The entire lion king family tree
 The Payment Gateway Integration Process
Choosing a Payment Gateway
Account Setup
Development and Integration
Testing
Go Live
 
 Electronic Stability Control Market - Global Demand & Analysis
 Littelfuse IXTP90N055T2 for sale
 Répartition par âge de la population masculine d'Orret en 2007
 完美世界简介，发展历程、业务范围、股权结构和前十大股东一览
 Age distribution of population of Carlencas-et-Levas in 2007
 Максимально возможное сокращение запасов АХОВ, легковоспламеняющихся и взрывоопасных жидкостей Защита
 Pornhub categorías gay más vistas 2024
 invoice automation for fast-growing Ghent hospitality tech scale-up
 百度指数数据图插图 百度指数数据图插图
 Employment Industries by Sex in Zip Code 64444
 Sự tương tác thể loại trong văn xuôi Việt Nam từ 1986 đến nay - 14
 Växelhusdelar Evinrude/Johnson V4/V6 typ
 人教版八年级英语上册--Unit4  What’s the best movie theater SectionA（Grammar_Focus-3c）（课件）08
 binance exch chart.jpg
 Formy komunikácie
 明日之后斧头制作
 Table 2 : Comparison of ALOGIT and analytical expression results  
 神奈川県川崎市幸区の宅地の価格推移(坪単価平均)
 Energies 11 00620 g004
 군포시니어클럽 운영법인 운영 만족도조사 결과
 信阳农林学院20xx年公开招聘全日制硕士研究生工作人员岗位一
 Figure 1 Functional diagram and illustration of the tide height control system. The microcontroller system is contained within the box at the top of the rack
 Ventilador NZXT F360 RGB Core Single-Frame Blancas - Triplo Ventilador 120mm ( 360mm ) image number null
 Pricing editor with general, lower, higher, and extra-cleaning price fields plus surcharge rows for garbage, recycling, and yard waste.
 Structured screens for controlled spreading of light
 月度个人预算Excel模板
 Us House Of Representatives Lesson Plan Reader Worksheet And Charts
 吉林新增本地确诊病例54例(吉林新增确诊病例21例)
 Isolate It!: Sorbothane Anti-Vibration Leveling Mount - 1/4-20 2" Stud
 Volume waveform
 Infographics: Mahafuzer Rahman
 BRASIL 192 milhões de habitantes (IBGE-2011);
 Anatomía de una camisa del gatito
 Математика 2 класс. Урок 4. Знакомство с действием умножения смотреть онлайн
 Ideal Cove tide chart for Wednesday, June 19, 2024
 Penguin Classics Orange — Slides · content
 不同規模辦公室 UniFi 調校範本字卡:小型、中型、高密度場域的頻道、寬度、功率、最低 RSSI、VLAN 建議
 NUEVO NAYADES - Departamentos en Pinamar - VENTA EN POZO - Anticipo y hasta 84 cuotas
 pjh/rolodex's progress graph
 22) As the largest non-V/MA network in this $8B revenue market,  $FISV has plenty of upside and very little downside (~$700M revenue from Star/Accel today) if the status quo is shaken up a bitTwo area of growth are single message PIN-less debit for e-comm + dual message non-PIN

Exercise
Set down exactly the lines above that run from the start of the listing to the line with "Volume waveform". Leave out every later line.

Answer space
The entire lion king family tree
 The Payment Gateway Integration Process
Choosing a Payment Gateway
Account Setup
Development and Integration
Testing
Go Live
 
 Electronic Stability Control Market - Global Demand & Analysis
 Littelfuse IXTP90N055T2 for sale
 Répartition par âge de la population masculine d'Orret en 2007
 完美世界简介，发展历程、业务范围、股权结构和前十大股东一览
 Age distribution of population of Carlencas-et-Levas in 2007
 Максимально возможное сокращение запасов АХОВ, легковоспламеняющихся и взрывоопасных жидкостей Защита
 Pornhub categorías gay más vistas 2024
 invoice automation for fast-growing Ghent hospitality tech scale-up
 百度指数数据图插图 百度指数数据图插图
 Employment Industries by Sex in Zip Code 64444
 Sự tương tác thể loại trong văn xuôi Việt Nam từ 1986 đến nay - 14
 Växelhusdelar Evinrude/Johnson V4/V6 typ
 人教版八年级英语上册--Unit4  What’s the best movie theater SectionA（Grammar_Focus-3c）（课件）08
 binance exch chart.jpg
 Formy komunikácie
 明日之后斧头制作
 Table 2 : Comparison of ALOGIT and analytical expression results  
 神奈川県川崎市幸区の宅地の価格推移(坪単価平均)
 Energies 11 00620 g004
 군포시니어클럽 운영법인 운영 만족도조사 결과
 信阳农林学院20xx年公开招聘全日制硕士研究生工作人员岗位一
 Figure 1 Functional diagram and illustration of the tide height control system. The microcontroller system is contained within the box at the top of the rack
 Ventilador NZXT F360 RGB Core Single-Frame Blancas - Triplo Ventilador 120mm ( 360mm ) image number null
 Pricing editor with general, lower, higher, and extra-cleaning price fields plus surcharge rows for garbage, recycling, and yard waste.
 Structured screens for controlled spreading of light
 月度个人预算Excel模板
 Us House Of Representatives Lesson Plan Reader Worksheet And Charts
 吉林新增本地确诊病例54例(吉林新增确诊病例21例)
 Isolate It!: Sorbothane Anti-Vibration Leveling Mount - 1/4-20 2" Stud
 Volume waveform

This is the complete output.